= Center for Development of Human Services =

The Center for Development of Human Services (CDHS) was a sponsored nonprofit program of the Research Foundation of the State University of New York located at Buffalo State College.
==History==
===Origin===
CDHS/ Research Foundation began in 1976 when a small group of Buffalo State College faculty was successful in obtaining a $100,000 social services training grant to provide instruction to those employed in the field of social work. The Social Services Training Project, as it was then called, evolved into CDHS/Research Foundation, now a nationally recognized provider of human services training. CDHS/Research Foundation used to manage over 30 human services training projects representing $50 million in grant-funded activities that serve the residents of New York State and was the largest such provider in the state.
===Expansion===
From 1999 to 2010, under the leadership of Robert Spaner, Project Director and Principal Investigator, CDHS expanded from a $16 million operation with under 100 staff to a $60 million Center with 400 staff and 40 separate projects. In April, 2010 Mr. Spaner retired. CDHS used to be headquartered in Buffalo, with satellite offices in Rochester, Syracuse, Albany, and New York City. A large number of CDHS staff worked with state and local government agencies statewide.
===Replacement===
At the end of 2018, The Center for Development of Human Services officially ceased all operations when the college's contract with the New York State Office of Children and Family Services expired. CDHS has largely been replaced by the Learning Engagement and Development Services office (LEADS) at SUNY Buffalo State.
==Activity==
Through research partnerships with faculty and staff of Buffalo State College and the University at Buffalo, local campuses included in the State University of New York, CDHS/Research Foundation trainers and staff are provided with access to professional expertise and the most current scholarly research in the areas of education and social services. This research is used in curriculum development, training, and technical assistance provided for state and local government agencies, including the New York State Department of Children and Family Services, the New York City Administration for Children’s Services, the New York State Office of Temporary and Disability Assistance, the New York State Department of Health, and the Erie County Department of Social Services.

==Training==
===Training Units===
CDHS included these training units:
- The New York State Child Welfare/Child Protective Services Training Institute provided training in the area of child protection, training for mandated reporters in New York State, and training to keep child welfare workers informed regarding the most current legal requirements associated with child protective services, family-centered social work, and issues such as domestic violence, substance abuse, and family reunification.
- The Adolescent Services Training Project provides life skills training for youth aging out of the child welfare system.
- The Foster/Adoptive Parent Training Project offers a variety of courses for foster care providers and those considering adoption, including courses on developmental disabilities and child sexual abuse for foster and adoptive parents.
- The HIV/AIDS Training Institute provided training and educational seminars for caregivers of children living with HIV or AIDS and youth considering being tested.
- The New York State Public Health Insurance Training Institute trained workers who help families obtain free or low-cost health insurance for children as well as those who work in the areas of Medicaid and long-term health care.
- The Management Leadership Institute provides staff professional development training and technical assistance to social services agencies, including the Erie County Department of Social Services and the New York City Human Resources Administration.

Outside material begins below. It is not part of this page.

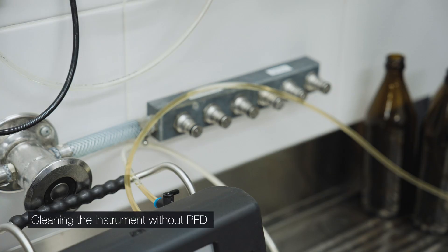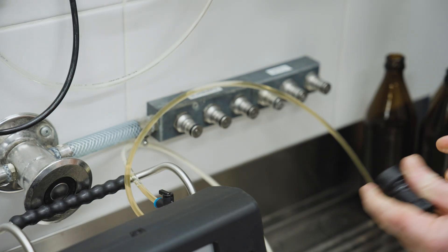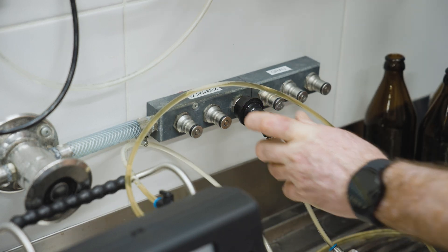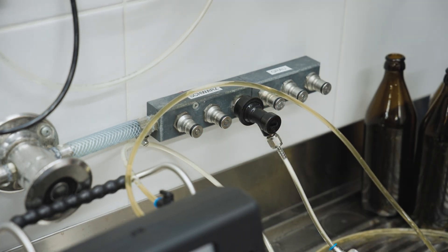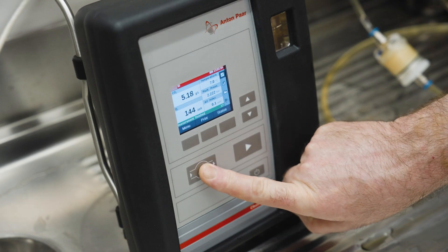When finished with measurements, rinse the instrument. Open the ball valve and connect a chlorine-free process or purified water supply. Open the water supply and rinse for at least 30 seconds.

As part of its mission of “strengthening human services through training, organizational and technical assistance, technology, and evaluation” CDHS/Research Foundation developed and delivered culturally sensitive, outcome-based training in keeping with the most current adult learning theory and federal mandates, including the Adoption and Safe Families Act (ASFA), the Indian Child Welfare Act (ICWA), and the Multi-Ethnic Placement Act (MEPA), as well as the most current New York State legal requirements. Training is offered in the form of both direct and virtual classroom delivery and also through seminars and conferences facilitated by CDHS/Research Foundation statewide.